Friday, November 21, 2008

More Details in Siegelman Case Revelations

This NY Times story is mostly a re-tread of the Time article we already discussed last week, but there is some additional detail that's worth highlighting. First, on Leura Canary's continuing involvement in the case:

...in her complaint, the Justice Department employee, Tamarah T. Grimes, cited several instances suggesting Ms. Canary maintained a close watch on the case. Ms. Grimes said a legal aide in the office reported on Mr. Siegelman’s trial to Ms. Canary or her top deputy “every day, sometimes several times per day by telephone.” Once, she observed Ms. Canary “frantically pacing in the executive suite” after a courtroom blowup, “pleading with someone” to get on the phone to “tell Louis he has to control his temper.”

Ms. Grimes also disclosed an e-mail message written by Ms. Canary commenting on legal strategy in the case and suggesting to aides that Mr. Siegelman not be allowed to “comment on court activities in the media.” Ms.
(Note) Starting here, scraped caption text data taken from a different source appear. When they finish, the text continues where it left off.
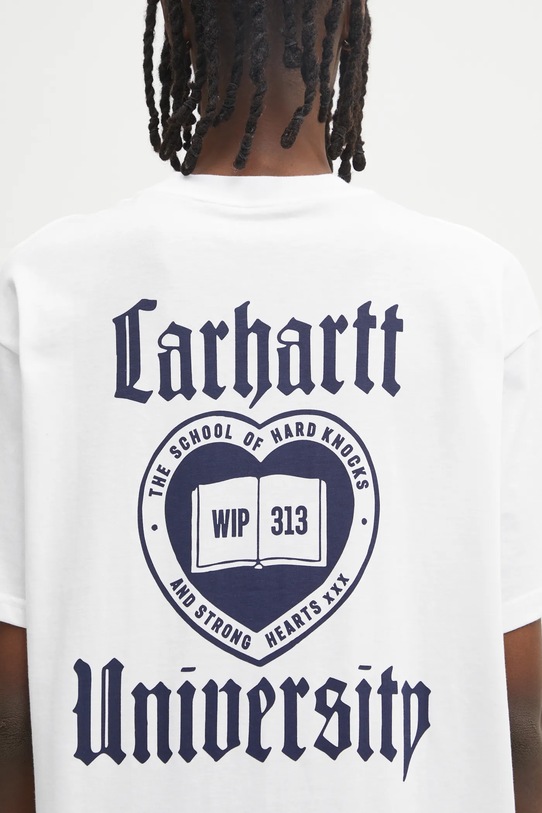 Carhartt WIP t-shirt bawełniany S/S Schooling T-Shirt biały I035453.02XX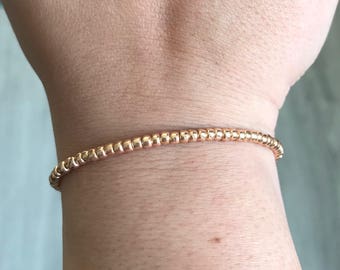 Rose gold bracelet, rose gold beads bracelet, rocaille bracelet, Christmas present, bridesmaids gift, mothersday present, boho bracelet
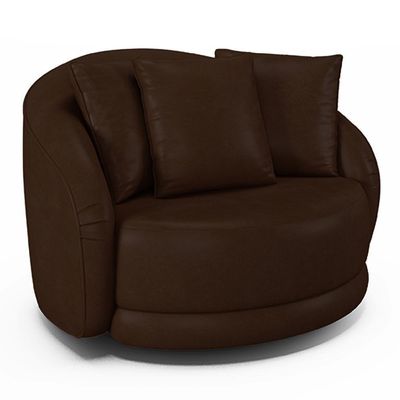 Kit 02 Poltronas Decorativa Para Sala De Estar Base Giratória Witta M03 Corano Marrom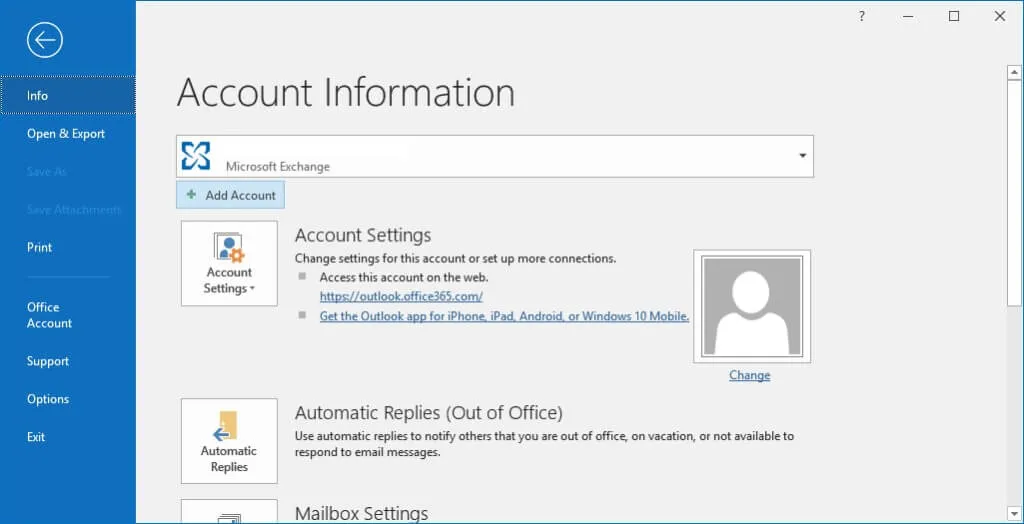 outlook add account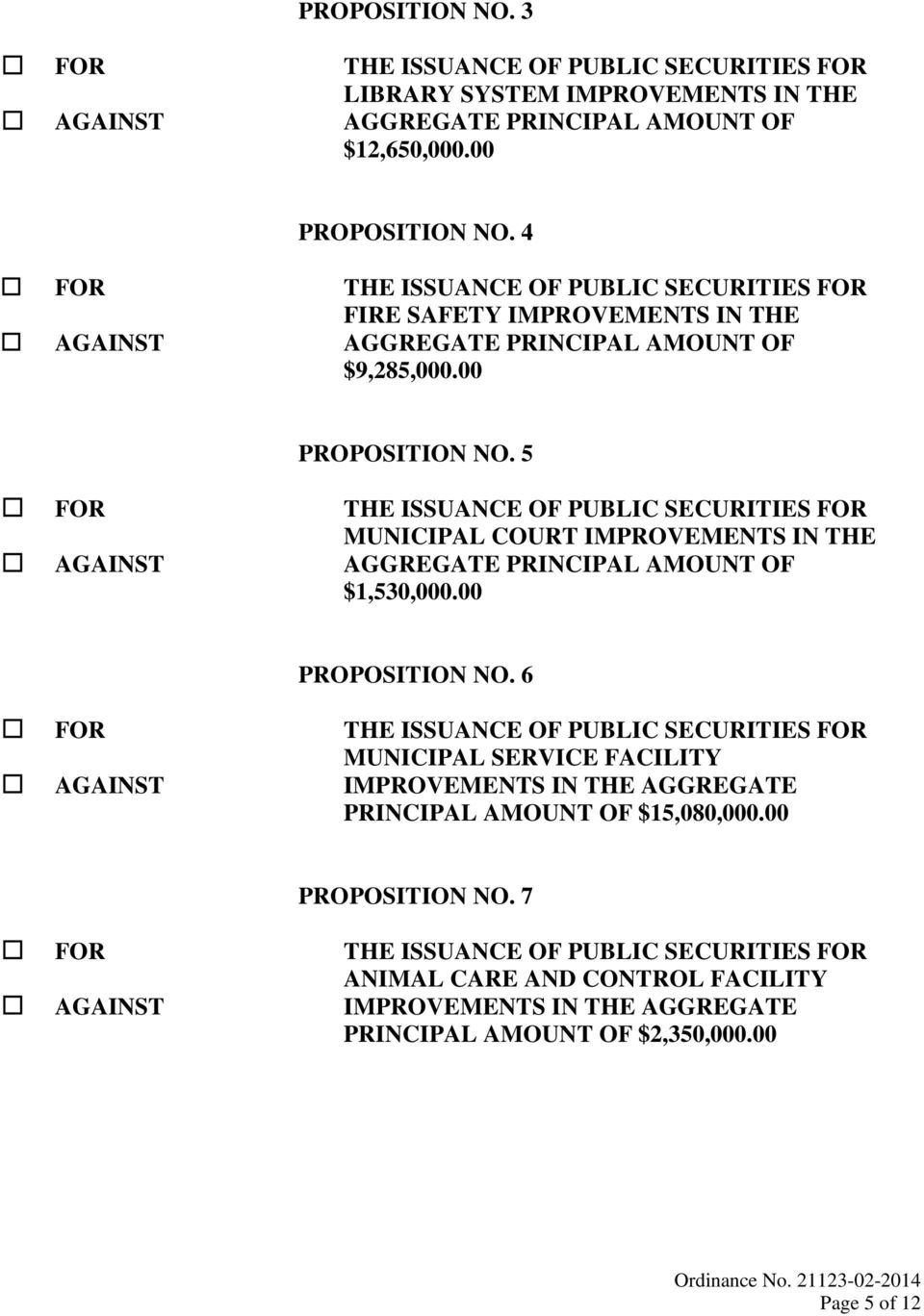 5 FOR THE ISSUANCE OF PUBLIC SECURITIES FOR MUNICIPAL COURT IMPROVEMENTS IN THE AGAINST AGGREGATE PRINCIPAL AMOUNT OF $1,530,000.00 PROPOSITION NO.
Grimes, who is also in a dispute with the department related to her accusations that the Siegelman prosecution team had harrassed her, cited the affidavit of a former legal aide in the Montgomery office, Elizabeth Jane Crooks, who wrote that “the morning that the trial started, the U.S. attorney herself carried food and beverage over to the courthouse to support the ‘Trial Team.’ ”

Mrs. Canary obviously has a different definition of "recusal" than is commonly accepted by most courts and attorneys, one that apparently permits her to say intimately involved in the case.
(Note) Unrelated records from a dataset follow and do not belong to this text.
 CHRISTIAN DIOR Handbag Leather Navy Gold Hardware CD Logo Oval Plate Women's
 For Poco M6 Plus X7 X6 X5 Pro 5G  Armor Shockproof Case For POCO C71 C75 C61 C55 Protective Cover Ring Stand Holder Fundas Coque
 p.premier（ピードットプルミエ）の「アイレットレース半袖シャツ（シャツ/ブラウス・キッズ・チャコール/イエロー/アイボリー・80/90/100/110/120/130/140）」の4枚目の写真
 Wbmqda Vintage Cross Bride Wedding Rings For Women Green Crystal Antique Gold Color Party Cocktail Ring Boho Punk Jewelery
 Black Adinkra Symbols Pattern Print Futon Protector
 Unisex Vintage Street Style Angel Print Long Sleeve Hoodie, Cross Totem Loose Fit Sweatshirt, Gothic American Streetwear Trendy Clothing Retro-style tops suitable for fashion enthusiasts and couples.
And on the contacts between jurors and the prosecution team:

And the formal complaints by the employee, a legal aide in office of the United States attorney in Montgomery, Ala., have brought to light an episode in the 2006 bribery and corruption trial that Mr. Siegelman’s lawyers now say could have led to a key juror’s removal: flirtatious messages sent by jurors to the prosecution about the marital status of an F.B.I. agent who was working with prosecutors. Other jurors have said they felt pressured by the judge to reach a decision in order to go home, and said some jury members read about the case on the Internet during the trial.

The Justice Department investigated the issue of contact between the jury and the prosecution and dismissed it as “rumors.” The Judiciary Committee, however, pointed out that investigators failed to interview key witnesses, including jurors and the United States marshals who might have been the conduits for their “social messages,” in the committee’s words.
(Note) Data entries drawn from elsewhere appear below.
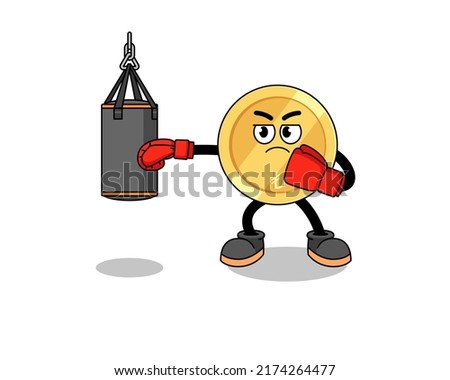Illustration of turkish lira boxer , character design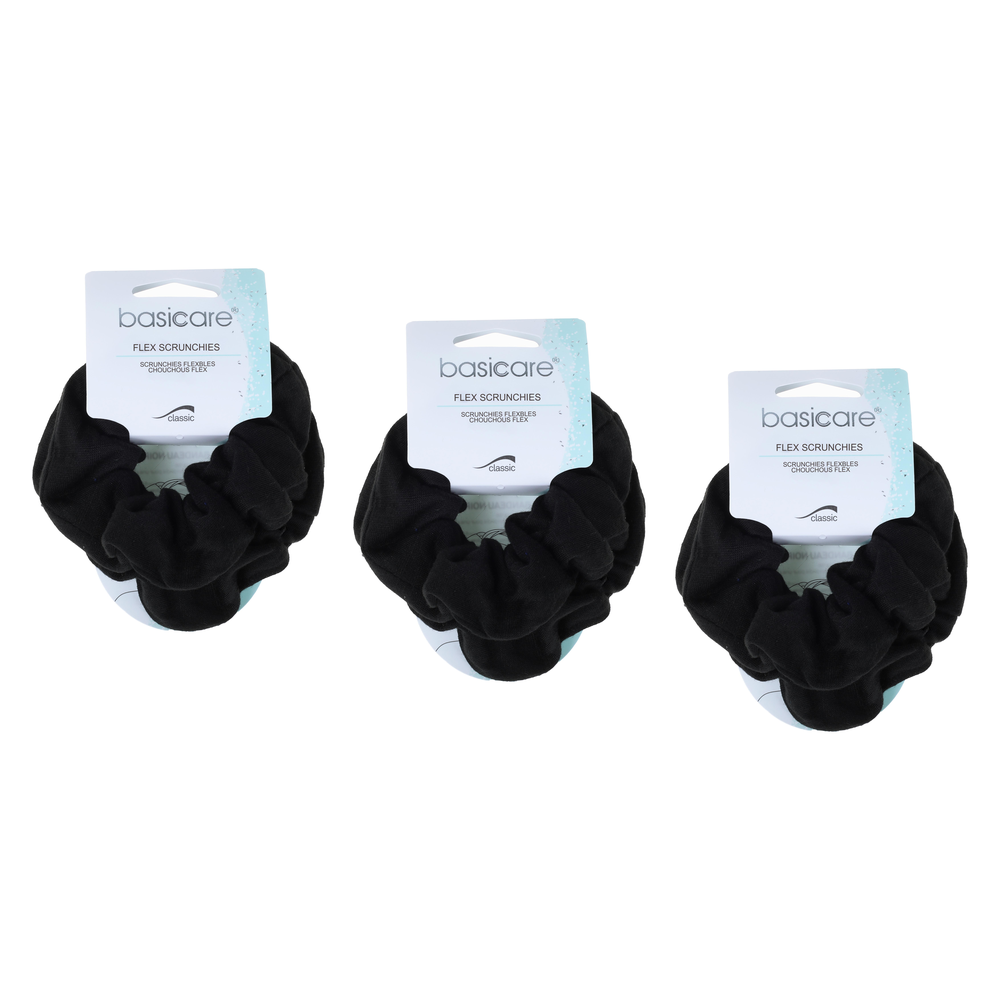 Basicare Black Large Scrunchies 3 Pack Bundle Soft Flexible Hair Ties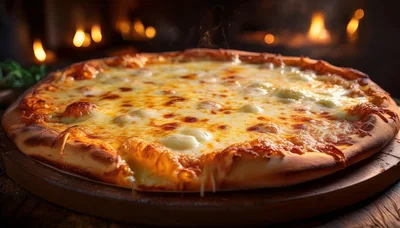 Freshly Baked Cheese Pizza On A Wooden Board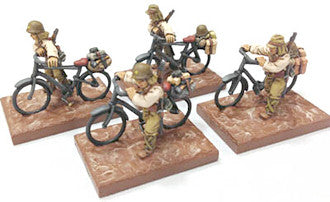 Game Miniatures - IJA Bicycle Troops Walking (4)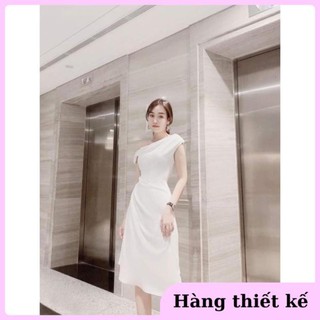 ( Hàng cao cấp ) Đầm dự tiệc trắng ôm body lệch vai tay rớt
...Ms. Grimes cited an e-mail message sent during the trial that appears to show a juror or jurors developing a romantic interest in an F.B.I. agent, Keith Baker, who sat near prosecutors, and sending the prosecution messages about his marital status.

So the lead prosecutor who recused herself didn't actually recuse herself, members of the jury wanted to be playing footsies with an FBI agent on the prosecution's side, the prosecution felt no need to mention any of this, and DOJ felt no need to investigate it competently or reveal that they already knew all of this Congress asked DOJ officials about it last year. Obstruction of justice? Possibly. Perversion of justice? Certainly.